After Heller, the law of the land was that if the proposed conduct implicated the plain text of the Second Amendment, then the history and tradition of arms regulation was examined. If there was an analogous regulation from the ratification of the Second Amendment, then the modern-day regulation was constitutional.
The rogue, inferior Article III courts then proceeded to take unimportant parts of dicta, focused on those crumbs with laser like intensity to discover that the state could still infringe.
Because the Supreme Court, in Heller was only deciding on a single question, there were laws that were not directly struck down. To put this in perspective, when Bruen was decided, there was only one law struck down, that being the good cause part of the NYC permitting requirement.
Every other law in the land still stood, exactly as it had been written.
When the Supreme Court GVRed several cases, no laws were vacated. Instead, the inferior courts were told “Do it over. Do it right.”
In Heller, the Supreme court told the inferior courts how to analyze Second Amendment challenges. Those rogue courts looked at the dicta, the crumbs, and decided to use an interest balancing test instead. They claimed that since the state was allowed to interest balance free speech, and because no right was absolute, that they should engage in interest balancing in Second Amendment cases.
This allowed the inferior, rogue courts, to decide just how badly a regulation was raping you, and then allow the state to argue it was in the best interest of the rest of the state’s subjects to allow you to be raped just that little bit.

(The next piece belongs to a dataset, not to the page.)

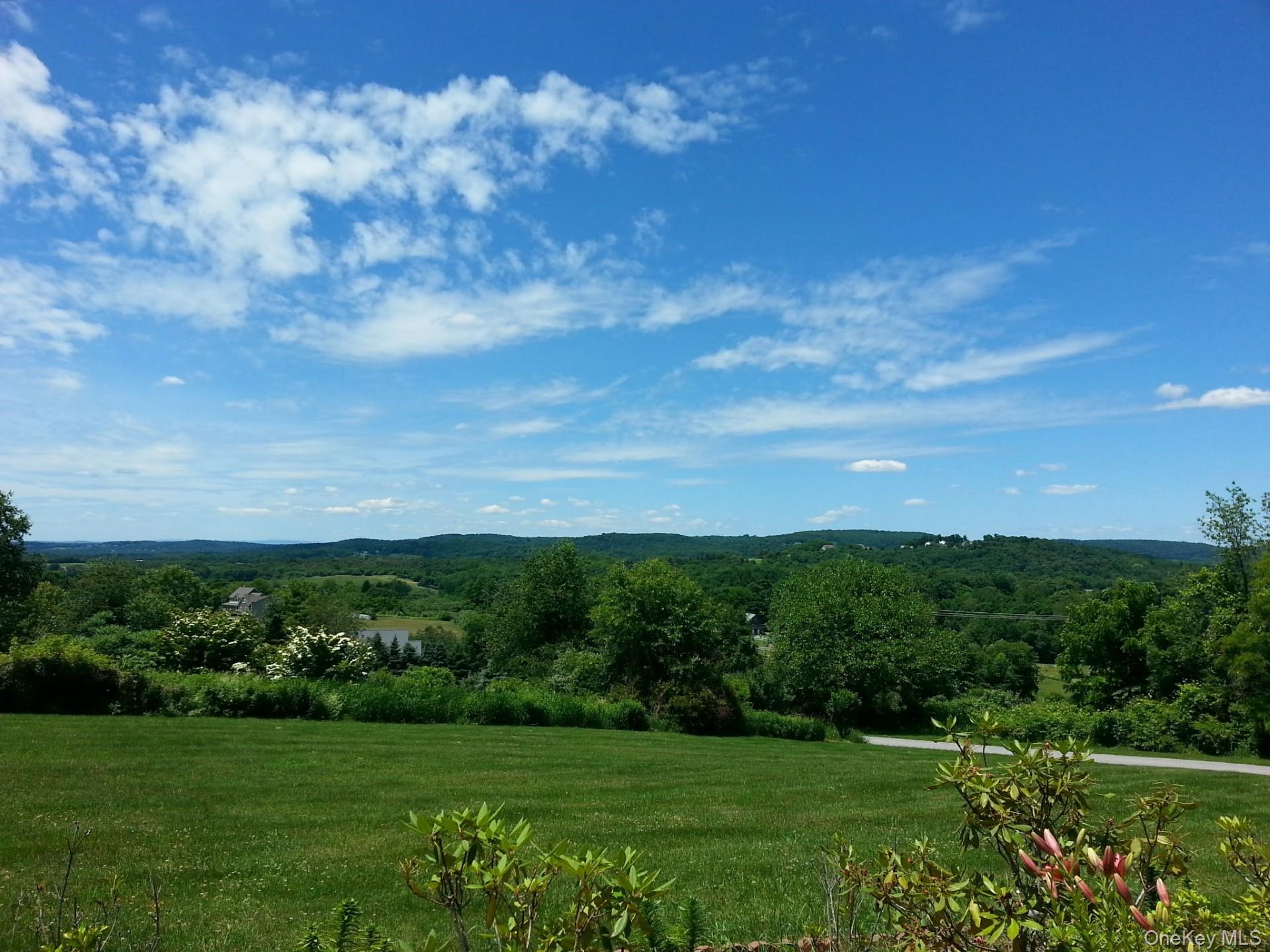 128 Gold Road, Poughquag, NY 12570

Bruen was a slap in the face to those rogue, inferior courts. The major point of Bruen was to say, “We told you how to do it in Heller. You refused. So now we are going to explain it to you, in simple words, that even a lawyer can understand.”

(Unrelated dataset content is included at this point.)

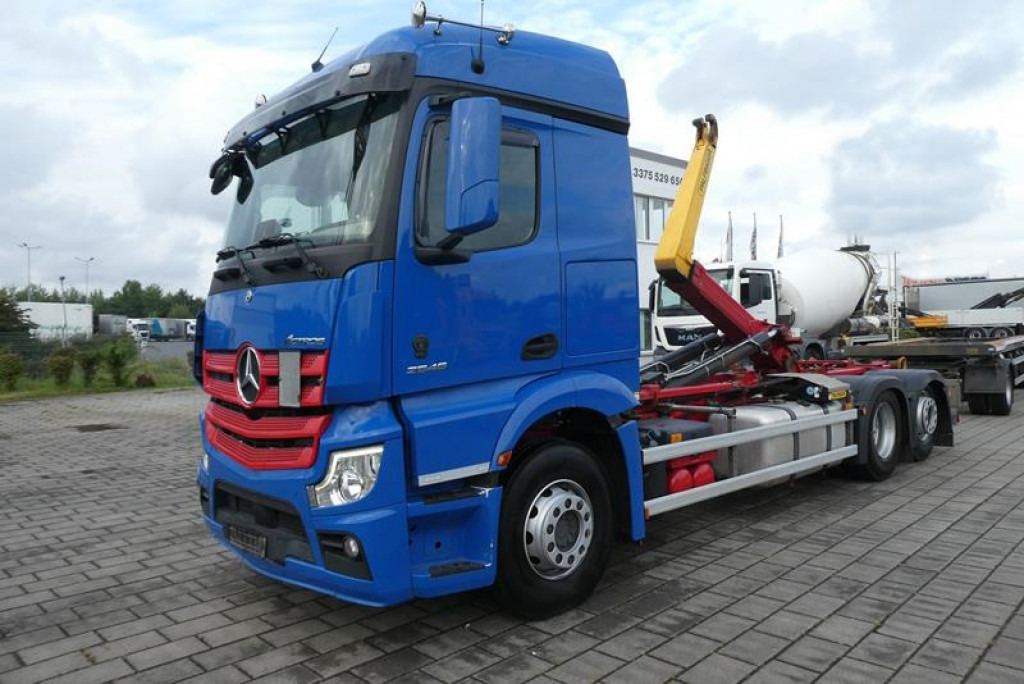 MERCEDES-BENZ Actros neu 2546 L 6x2 Abrollkipper Lenk-Lift Achse - Camión multibasculante: foto 1 MERCEDES-BENZ Actros neu 2546 L 6x2 Abrollkipper Lenk-Lift Achse - Camión multibasculante: foto 1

If the plain text of the Second Amendment is implicated, the burden shifts to the state to show a history and tradition of analogous laws from the time of the ratification of the Second Amendment.
If it is an arm or if it is ancillary to the right to keep and bear arms, then we look to see if there is an infringement.

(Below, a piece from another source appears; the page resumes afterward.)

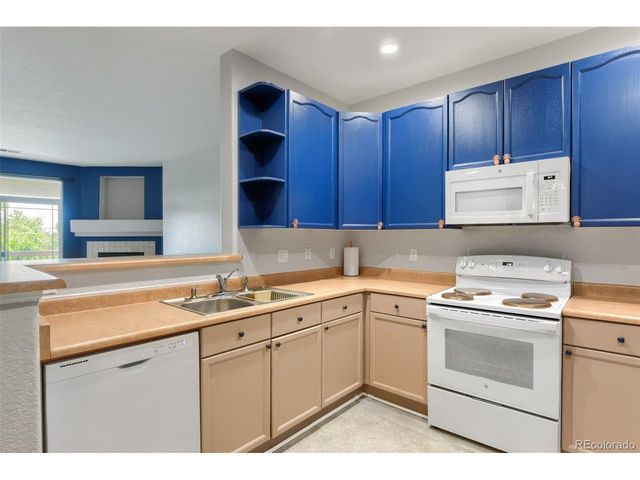 8520 S Holland Ln 204, Littleton, CO 80128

Samuel Johnson’s Dictionary, published in the 175 and 1773 defined “infringe” as:
- To violate; to break laws or contracts
- To destroy; to hinder.
If a regulation hinders your ability to keep or bear arms, then the Second Amendment is implicated.
This puts the burden on the state to find laws that match the modern-day law.
There were not any in the 1791. Thinking about it, The People have just done an interest balancing test of the right to keep and bear arms. The People have decided that this is one of the most important unalienable rights that must be protected from government overreach.
Because The People believe it to be a core, unalienable, right, they have enshrined protection of the right to keep and bear arms in their newly created Bill of Rights.
If the right to keep and bear arms is so essential to The People, is there any reason to expect them to be creating laws that destroy or hinder that right? No. There is no reason.
This means that the modern state has not been able to find analogous laws. They just don’t exist. They have to reach in to the 1600s or the late 1800s before they can find analogous laws. Even those laws are questionable.
What they did find were regulations that removed arms from people who were individually dangerous. Many of those regulations allowed for disarming a person for only the duration of the danger. A drunk person could be disarmed while drunk. When they were sober, their arms were returned.
If a person was dangerous, they could be incarcerated. While incarcerated, they would be disarmed.
If a person was too dangerous to possess arms, the state could make a finding of dangerousness, and disarm a person.
These infringements on an individual’s right to keep and bear arms are what the state is using to disarm us today.
Their stated reasoning is that since the state has the authority to disarm a dangerous person, the state also has the authority to determine if you are dangerous before allowing you to possess a firearm.
We argue that this is backwards. By default, we have the right to keep and bear arms. The state’s argument is that they have to be given a chance to prove you are dangerous before you can possess a firearm.
In Rahimi the Supreme Court pushed the state to articulate what criteria they were using to disarm Mr. Rahimi. The state dithered between “responsible” and “dangerous”. They want the criteria to be “responsible” because that is an easier objective standard to reach than “dangerous”.
It is fairly clear that Mr. Rahimi was not a responsible person. He had not been proven, in a court of law, by a jury of his peers, beyond all reasonable doubt, with a strenuous defense, that he was dangerous.
Translation: He has to have access to a lawyer and have his day in court.
When the state was backed into a corner by the Justices, they relented and stated that it was only the “dangerous” criteria that they actually could justify.
In my opinion, the Supreme Court is likely going to find §922(g)(8) to be unconstitutional on its face because of the lack of due process. How limited that finding will be is the interesting question. They are likely to issue an opinion that says that §922(g)(8) can be rescued via wording changes.
Conclusion
The state threw a bunch of stuff against the wall. Courts, such as Judge Benitez’s, and others have knocked most of the historical regulations out as not applying. The state is left with one potentially winning argument, disarming dangerous people.
Because that was determined to happen on an individual basis, the state is going to do their best to flip the argument from the state proving you are dangerous to you proving that you are not. If they can’t do that, they will push to have time to “verify” that you are not dangerous.
From this, I foresee a spat of regulations coming out of the infringing states regarding permits to purchase and other such infringements.